In article <c3ggid$meho$1@hades.rz.unisaarland.de>, Alexander Malkis <alexloeschediesmalk@line.cs.unisb.de> writes: Your game doesn't terminate in a finite time. And at each time point the intersection contains intinitely many rational and irrational points. So the game is not well formulated.
There is a considerable literature about infinite games, and the family of infinite games like the one described here, but with the set of rationals replaced with any arbitrary set of real numbers, is famous. The description given in this thread is a little informal, but is pretty much the way that the game is described in the literature.
It's possible to give a rigorous definition of what a strategy for one of the players is, and for what it means for a strategy to be a winning strategy. These are the essential questions about such games, and they can be defined without supposing that it's possible to play out such a game to its completion. A strategy is a function assigning a choice of play to each position in the game, and it's a winning strategy if every (infinite) sequence of play which adheres to it counts as a win for that player.
The axiom of determinacy (AD) in set theory is the statement that for infinite games in which the two players take turns choosing bits, generating a countable sequence b0,b1,..., and player 1 wins if the sequence lies in some set A of sequences of bits, there always is a winning strategy for one of the players. AD has a lot of specific consequences, but is inconsistent with the axiom of choice, so people don't really believe it's true. One has to be a little careful with defining what it means to have a winning strategy in a more general game, because in general one can't prove the existence of a strategy, whether winning or not, without assuming the axiom of choice. If U is a family of sets, we can define the twostep game where player 1 chooses a set S in U, and player 2 in order to win has to choose an element of S. If U is a family of nonempty sets without a choice function, then neither player has a winning strategy in the sense I defined above. Each move of layer 1 can be refuted because S is never empty. On the other hand, a winning strategy for player 2 is a choice function. (So perhaps in the absense of choice we want to define winning strategy more loosely. We could allow a winning strategy merely to be an assignment of a nonempty subset of the available strategies, with the property that staying inside the subset is sufficient to guarantee a win. I don't know whether this looser notion of winning strategy is considered interesting or not.)

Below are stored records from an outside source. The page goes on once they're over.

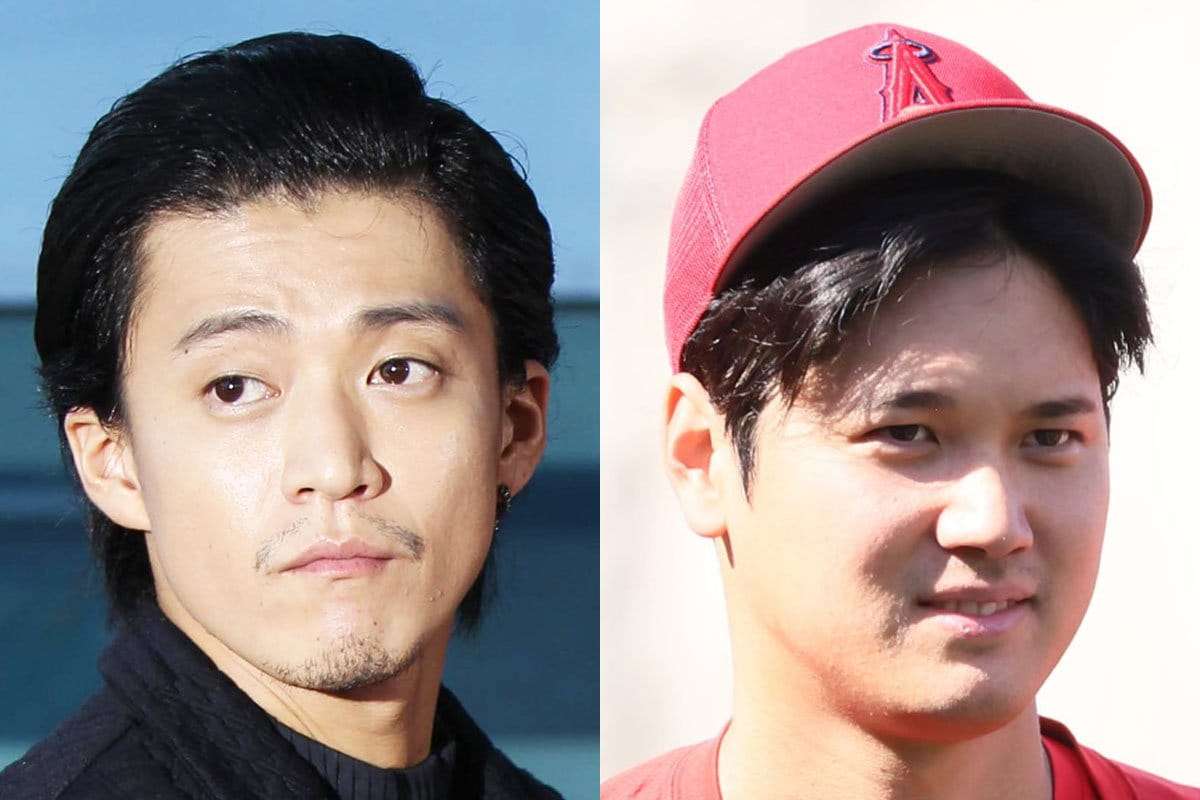 小栗旬　大谷翔平との〝関係〟告白「逃げずに闘ってる人の話はめちゃくちゃ聞いてみたい」 | 東スポWEB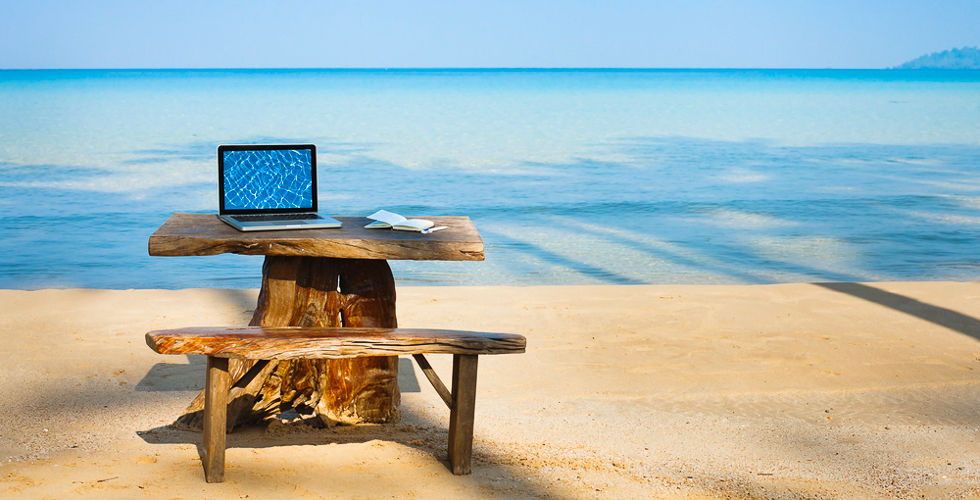 Преимущества удаленной работы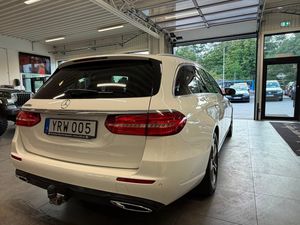 Mercedes E200 bild 14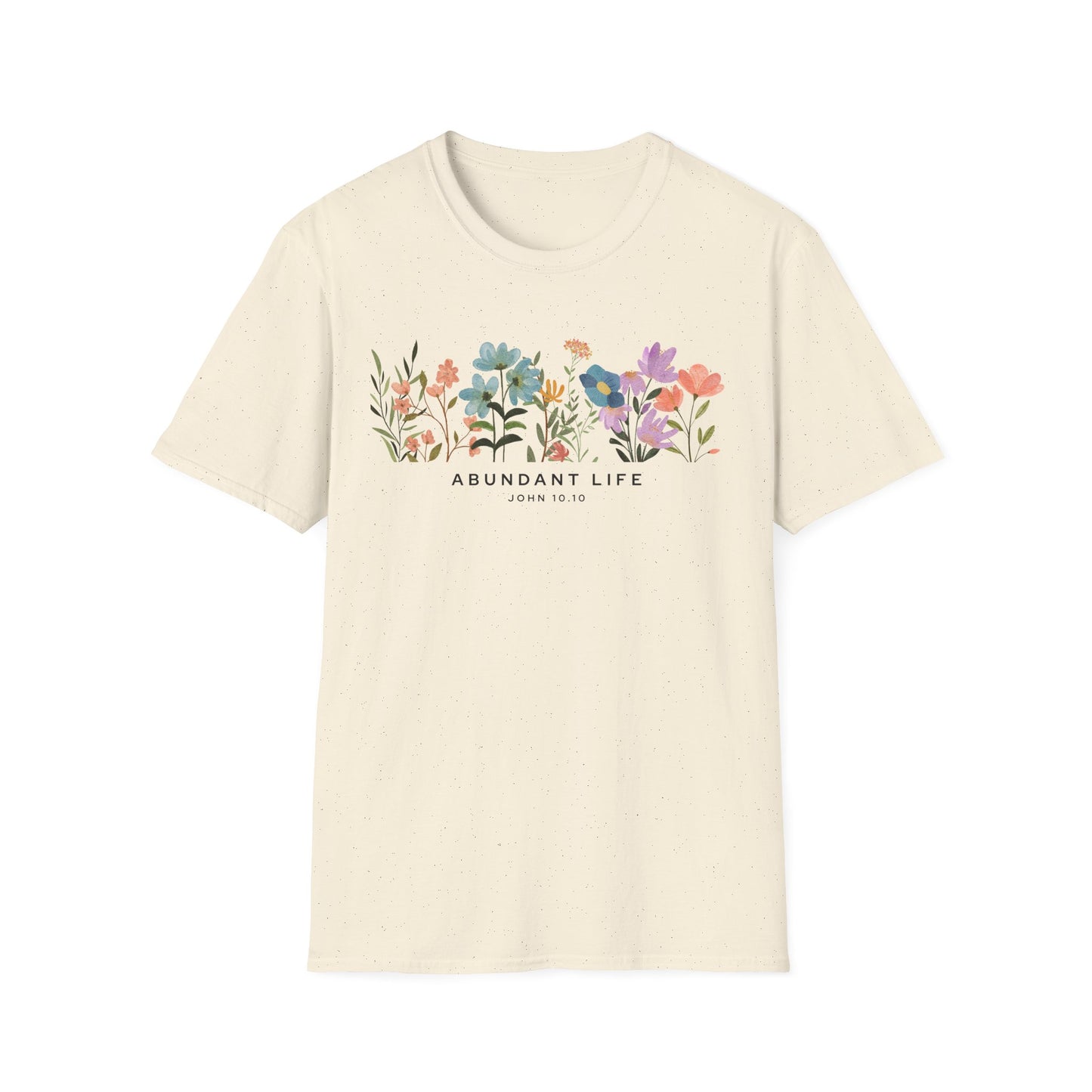 Abundant Life T-Shirt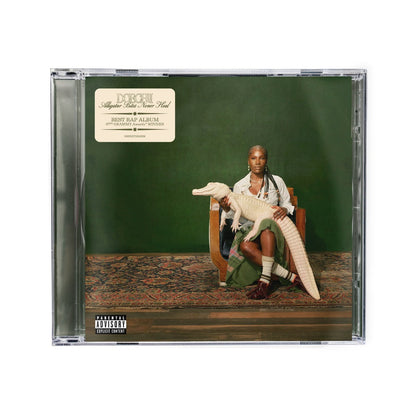 Alligator Bites Never Heal | Retro Vinyl Club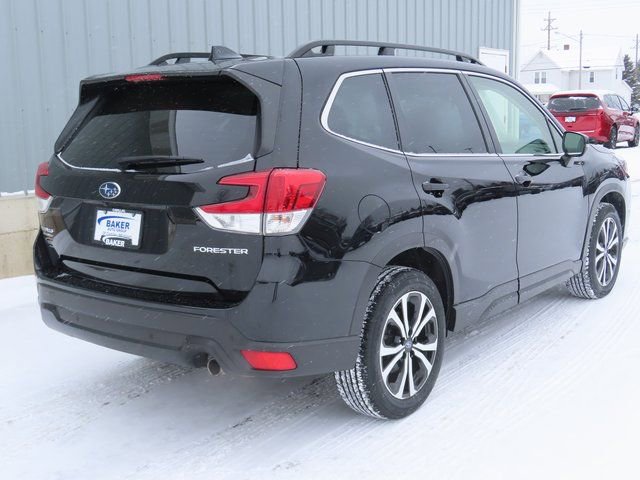 Used 2024 Subaru Forester Limited image 10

There are weakenings of AD consistent with AC. Set theorists seem mostly to believe that a class of sets known as L[R] satisfy AD. L[R] is enough like the usual set theoretic universe to satisfy the ZermeloFrankel axioms for set theory (ZF). L[R] is the smallest model of ZF containing each real number (R stands for the reals) and all the ordinals. I find it interesting that such a natural property as determinacy fails to be satisfied by every game of this kind, but that the exceptions are so very elusive.
Keith Ramsay